◆ SOURCE DATA:
-*-*-
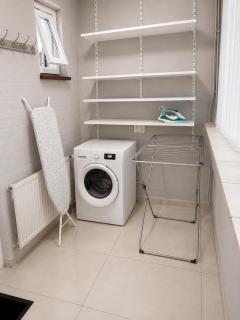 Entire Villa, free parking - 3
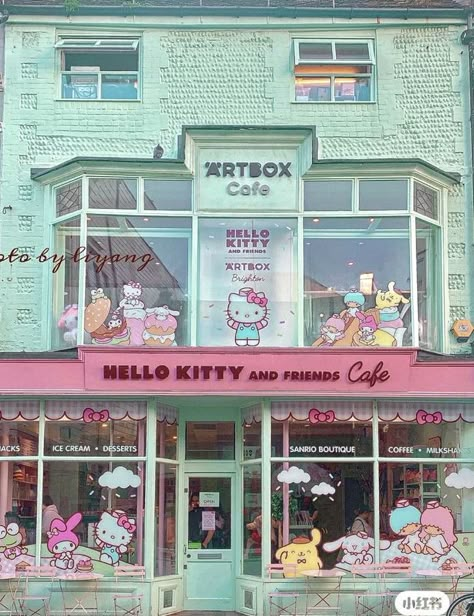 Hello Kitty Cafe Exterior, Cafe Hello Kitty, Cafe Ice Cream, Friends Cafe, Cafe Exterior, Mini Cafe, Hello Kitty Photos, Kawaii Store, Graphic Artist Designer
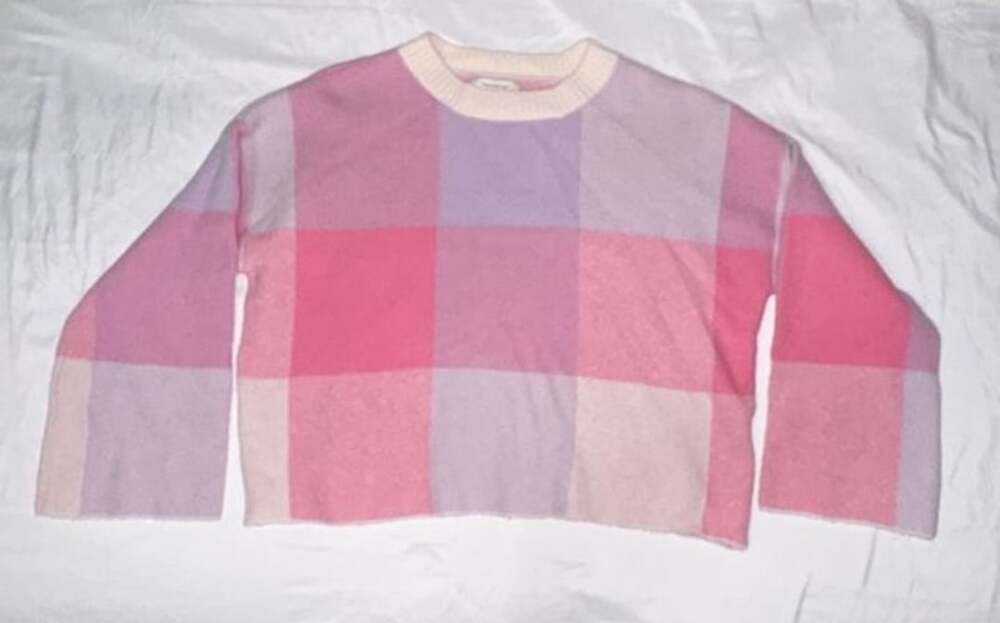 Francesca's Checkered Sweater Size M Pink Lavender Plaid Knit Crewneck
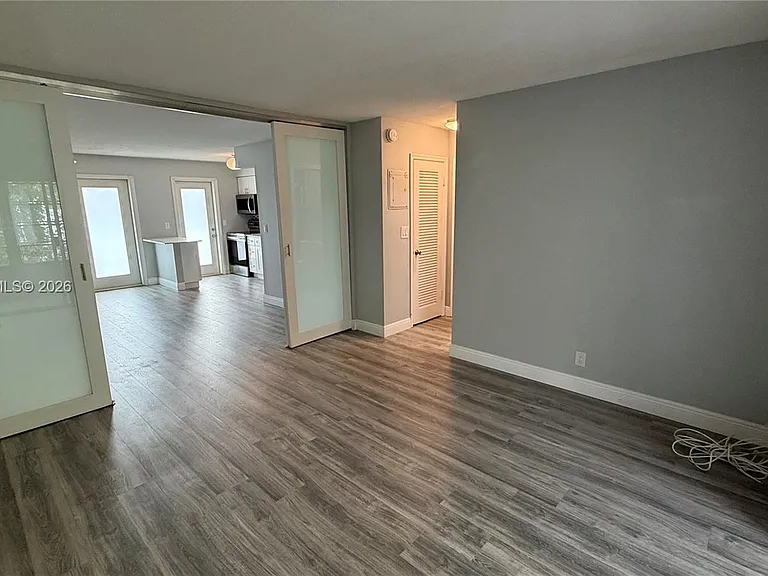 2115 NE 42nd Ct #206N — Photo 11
-*-*-
◆ WHAT IS BEING ASKED: The required answer is the material repeated exactly, with no images in it.

◆ REPLY TO THE EXERCISE:
 Entire Villa, free parking - 3
 Hello Kitty Cafe Exterior, Cafe Hello Kitty, Cafe Ice Cream, Friends Cafe, Cafe Exterior, Mini Cafe, Hello Kitty Photos, Kawaii Store, Graphic Artist Designer
 Francesca's Checkered Sweater Size M Pink Lavender Plaid Knit Crewneck
 2115 NE 42nd Ct #206N — Photo 11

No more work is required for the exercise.